$$\lim_\limits {x \to \pi} \frac{(e^{\sin x} -1)}{(x-\pi)}$$
I found $-1$ as the answer and what I did was:
$\lim_\limits {x \to \pi} \frac{(e^{\sin x} -1)}{(x-\pi)}$ $\Rightarrow$ $\lim \frac{(f(x) - f(a))}{(x-a)}$ $\Rightarrow$ $f(x)=(e^{\sin x})$
$f(a)=1$
$x=x$
and $a=\pi$
So I concluded that the limit of the first function would be the same as the derivative of $f(x)$ so I did:
$\frac{d}{dx} (e^{\sin x})$ $\Rightarrow$ $-1$
But isn't it the same as using the L'HÔPITAL rule??
On
The given limit $$\lim_{x \to \pi} \frac{e^{\sin x} - 1}{x - \pi}$$ is by definition the derivative of $f(x) = e^{\sin x}$ evaluated at $x = \pi$, since $$f'(a) \equiv \lim_{x \to a} \frac{f(x) - f(a)}{x-a}.$$ Thus $$f'(x) = \cos x e^{\sin x},$$ and $$f'(\pi) = (\cos \pi) e^{\sin \pi} = -1.$$ This is completely distinct from L'Hopital's rule, which requires the consideration of the derivatives of the numerator and denominator of particular indeterminate forms.
If you want more than just the limit, Taylor series are simple and convenient.

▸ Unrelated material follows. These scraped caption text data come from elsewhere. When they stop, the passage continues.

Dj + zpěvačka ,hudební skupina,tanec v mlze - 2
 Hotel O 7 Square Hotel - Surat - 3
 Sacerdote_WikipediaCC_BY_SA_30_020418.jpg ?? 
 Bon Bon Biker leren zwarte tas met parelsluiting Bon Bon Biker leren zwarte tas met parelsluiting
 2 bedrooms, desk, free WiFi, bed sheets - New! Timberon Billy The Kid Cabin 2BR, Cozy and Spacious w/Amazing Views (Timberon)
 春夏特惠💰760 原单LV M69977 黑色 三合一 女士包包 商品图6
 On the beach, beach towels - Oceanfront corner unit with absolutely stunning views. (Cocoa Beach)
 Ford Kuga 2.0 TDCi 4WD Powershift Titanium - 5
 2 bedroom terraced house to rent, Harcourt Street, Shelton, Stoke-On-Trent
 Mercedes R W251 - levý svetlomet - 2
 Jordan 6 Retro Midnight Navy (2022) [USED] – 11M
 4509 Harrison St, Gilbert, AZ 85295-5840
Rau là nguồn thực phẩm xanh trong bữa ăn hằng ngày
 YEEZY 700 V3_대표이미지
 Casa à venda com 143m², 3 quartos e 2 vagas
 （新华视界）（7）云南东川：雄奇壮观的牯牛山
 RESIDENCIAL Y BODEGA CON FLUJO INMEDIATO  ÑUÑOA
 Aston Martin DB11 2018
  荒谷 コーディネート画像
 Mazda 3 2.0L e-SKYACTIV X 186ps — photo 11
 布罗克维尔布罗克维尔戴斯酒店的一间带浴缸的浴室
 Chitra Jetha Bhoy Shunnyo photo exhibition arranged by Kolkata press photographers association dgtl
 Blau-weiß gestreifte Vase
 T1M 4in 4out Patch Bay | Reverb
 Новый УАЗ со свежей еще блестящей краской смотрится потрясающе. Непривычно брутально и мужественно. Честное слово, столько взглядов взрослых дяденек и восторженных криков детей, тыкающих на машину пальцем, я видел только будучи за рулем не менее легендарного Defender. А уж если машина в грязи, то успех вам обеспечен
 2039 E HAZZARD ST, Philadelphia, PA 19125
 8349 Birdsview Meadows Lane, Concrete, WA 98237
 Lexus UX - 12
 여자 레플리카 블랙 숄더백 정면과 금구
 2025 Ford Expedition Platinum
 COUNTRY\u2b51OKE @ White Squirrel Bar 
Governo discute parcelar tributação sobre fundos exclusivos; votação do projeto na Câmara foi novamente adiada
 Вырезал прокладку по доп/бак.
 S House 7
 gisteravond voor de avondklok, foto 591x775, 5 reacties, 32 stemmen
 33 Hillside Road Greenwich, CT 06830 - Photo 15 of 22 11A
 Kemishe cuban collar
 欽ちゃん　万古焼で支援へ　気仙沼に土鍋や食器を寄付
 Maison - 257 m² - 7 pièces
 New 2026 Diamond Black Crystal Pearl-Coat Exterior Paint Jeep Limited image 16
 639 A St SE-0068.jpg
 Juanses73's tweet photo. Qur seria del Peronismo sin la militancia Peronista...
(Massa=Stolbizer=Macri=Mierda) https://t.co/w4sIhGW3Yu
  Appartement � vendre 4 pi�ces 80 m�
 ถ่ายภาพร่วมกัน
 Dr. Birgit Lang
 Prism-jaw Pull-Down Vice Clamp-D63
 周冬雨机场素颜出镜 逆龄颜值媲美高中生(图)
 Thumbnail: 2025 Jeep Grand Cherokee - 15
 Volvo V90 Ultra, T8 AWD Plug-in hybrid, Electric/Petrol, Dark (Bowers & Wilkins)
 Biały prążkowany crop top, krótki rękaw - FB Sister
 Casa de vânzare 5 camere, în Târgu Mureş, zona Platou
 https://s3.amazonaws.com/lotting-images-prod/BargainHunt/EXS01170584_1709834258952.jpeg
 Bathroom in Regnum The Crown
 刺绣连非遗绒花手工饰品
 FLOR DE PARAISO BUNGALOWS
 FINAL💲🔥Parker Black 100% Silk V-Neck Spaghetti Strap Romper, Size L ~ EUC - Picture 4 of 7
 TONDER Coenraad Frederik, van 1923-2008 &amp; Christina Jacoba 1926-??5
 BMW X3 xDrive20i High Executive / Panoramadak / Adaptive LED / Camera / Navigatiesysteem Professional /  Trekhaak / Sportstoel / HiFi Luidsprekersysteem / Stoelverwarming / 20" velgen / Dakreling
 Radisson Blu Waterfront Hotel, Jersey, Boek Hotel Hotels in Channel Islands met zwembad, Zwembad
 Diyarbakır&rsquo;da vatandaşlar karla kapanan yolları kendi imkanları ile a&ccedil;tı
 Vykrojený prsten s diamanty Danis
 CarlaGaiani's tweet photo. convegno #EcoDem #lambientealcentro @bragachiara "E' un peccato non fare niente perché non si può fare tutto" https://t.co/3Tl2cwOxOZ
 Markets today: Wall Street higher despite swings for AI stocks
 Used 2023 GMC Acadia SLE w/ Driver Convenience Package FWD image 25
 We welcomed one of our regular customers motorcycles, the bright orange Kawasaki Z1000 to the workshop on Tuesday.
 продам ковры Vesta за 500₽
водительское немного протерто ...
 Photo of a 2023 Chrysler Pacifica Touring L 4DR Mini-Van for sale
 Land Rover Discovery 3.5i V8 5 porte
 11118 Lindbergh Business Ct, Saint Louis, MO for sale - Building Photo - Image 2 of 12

First, let us set $x=\pi+y$ and we shall consider what happens around $y=0$. $$\frac{(e^{\sin (x)} -1)}{(x-\pi)}=\frac{e^{-\sin (y)}-1}{y}$$ Now, let us use $$e^z=1+z+\frac{z^2}{2}+O\left(z^3\right)$$ So, by Taylor, $$e^{-\sin (y)}=1-\sin(y)+\frac{\sin^2(y)}{2}+\cdots$$ $$\sin(y)=y-\frac{y^3}{6}+O\left(y^4\right)$$ Combining $$e^{-\sin (y)}=1-y+\frac{y^2}{2}+O\left(y^3\right)$$ $$\frac{e^{-\sin (y)}-1}{y}=-1+\frac{y}{2}+O\left(y^3\right)$$ which shows the limit and also how it is approached.